Anyway, one thing we thought we'd try was some double-sided boards.
It seemed easy enough in principle - firstly, etch our PCB designs onto some MDF and drill out a few holes.
This is just going to be a template for etching; the idea is to place the copper boards on top of the template and when we hit "etch" again, it should carve the same pattern in exactly the same place on the board.
So after etching one side of our double-sided copper board,we drilled the same holes as we had done in our MDF template. Then simply push some pins (we used 0.8mm copper wire) through both the board and the MDF, to get the reverse side to line up
Tape the copper board to the template, spray with matt black paint, etch the reverse pattern, and.... ta-da!
Not exactly successful. The holes are probably a good 3mm away from where they should be!
Undeterred, we went back to the trusty old method of press-n-peel.
There are a few articles online about how to make double-sided boards with press-n-peel, and many use this same approach:
The idea is to print the design twice, one flipped (and mirrored if necessary) with a line exactly half way between the two designs. This is where we're going to crease the press-n-peel. To ensure that we got a perfect line up, we cut our press-n-peel along the very top of the design, and made sure that, after folding, the two top edges were perfectly aligned.
Insert the (double-sided) copper clad board, affix in place and laminate to secure the image
This time the alignment was better - but still not perfect (or, to be honest, not even good enough to be used!)
So in a last-ditch effort, we scrapped all the fancy-shmancy ways of making double-sided boards and went back to the method we know works best - etching just one side at a time.

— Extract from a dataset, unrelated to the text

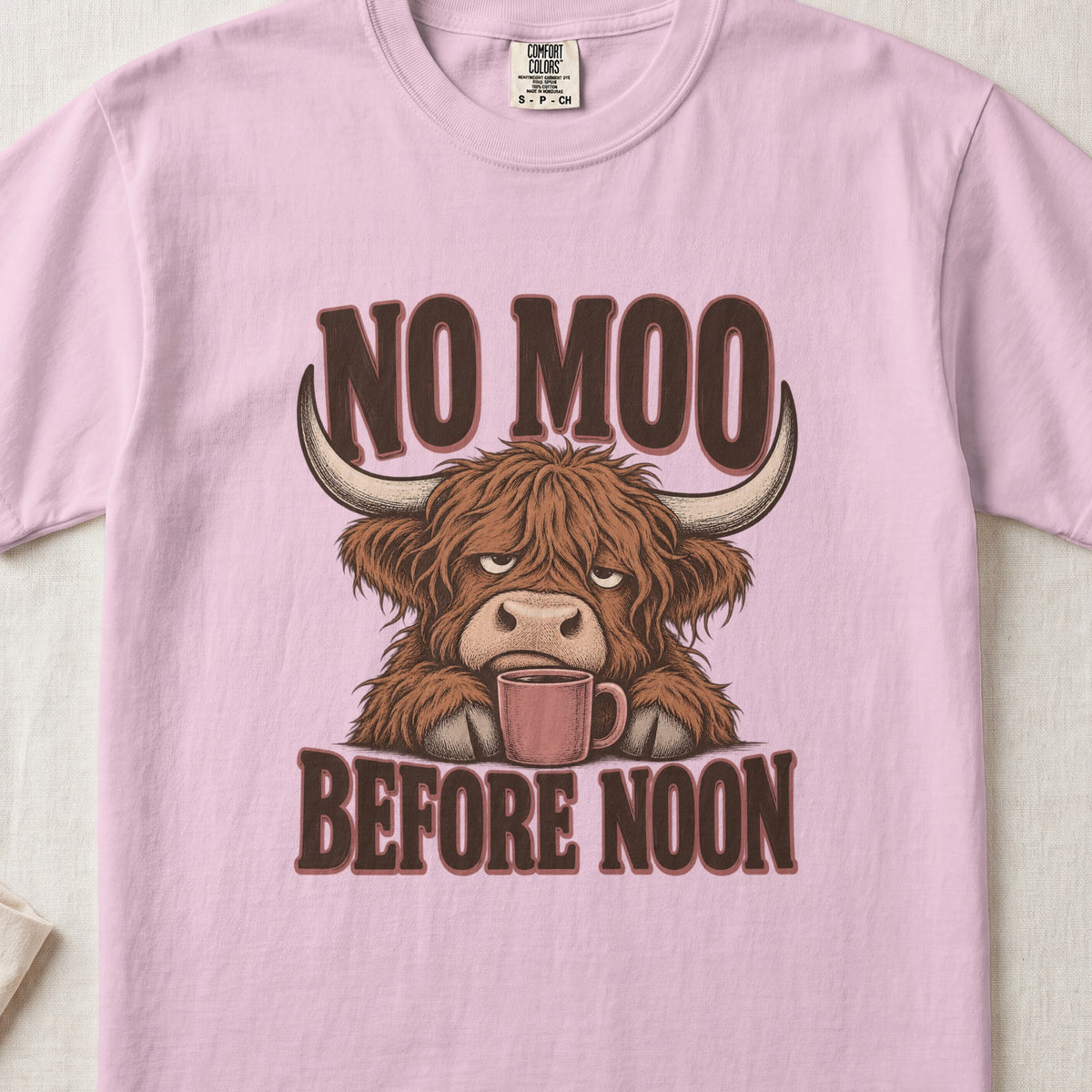No Moo Before Noon Highland cow design on a Blossom Comfort Colors 1717 T-shirt, flat lay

This involves placing one design on one side of the board (using the "traditional" press-n-peel method) coating the reverse with paint (to protect the copper during the ferric chloride etching) and etching the board as if it were a single-sided PCB.
Then we drill a few alignment holes and clean the back of the board...
...and manually align a second design onto this reverse side.
Alignment is still not perfect - in hindsight, we should have image-transferred and etched the boards before cutting them down to their final size, so that the masking tape holding the press-n-peel in place had a bit more material to stick to!
Although not perfect, at least the alignment of the holes means this board will actually be useable. So the last thing to do is coat the front side (the bit that's already been etched) with paint (to protect it from the ferric chloride during the second etching) and to etching the reverse of the board.
And there we have it. A double-sided PCB that sort-of lines up.
Today's lesson - if you want to make something as quickly as possible, slow down, take your time, and don't try to do anything clever.